- [WHAT IS REQUIRED]: Output the data below only from the line containing "Schauer 4 amp Battery Charger" up to and including the line containing "POMIRILE SE JELENA", exact and with the pictures left out.

- [SUPPLIED MATERIAL]:
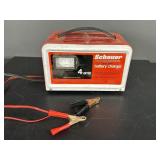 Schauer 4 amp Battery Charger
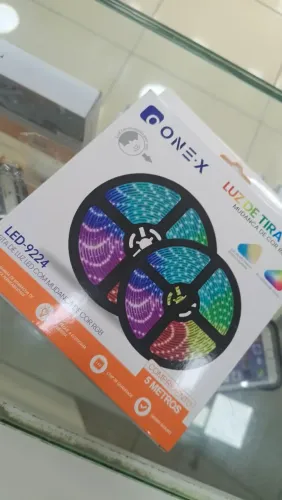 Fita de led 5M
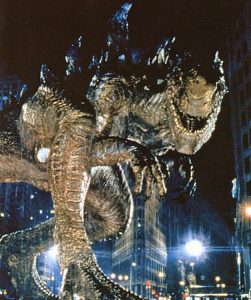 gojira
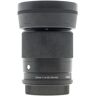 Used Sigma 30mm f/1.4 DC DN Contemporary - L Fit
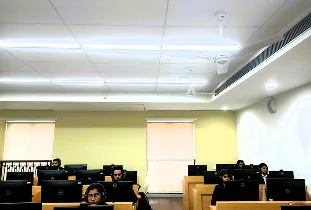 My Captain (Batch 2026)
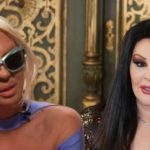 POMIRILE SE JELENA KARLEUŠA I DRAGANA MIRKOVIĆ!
--
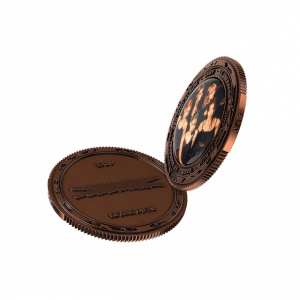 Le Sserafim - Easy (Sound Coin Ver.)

- [ANSWER TO THE EXERCISE]:
 Schauer 4 amp Battery Charger
 Fita de led 5M
 gojira
 Used Sigma 30mm f/1.4 DC DN Contemporary - L Fit
 My Captain (Batch 2026)
 POMIRILE SE JELENA KARLEUŠA I DRAGANA MIRKOVIĆ!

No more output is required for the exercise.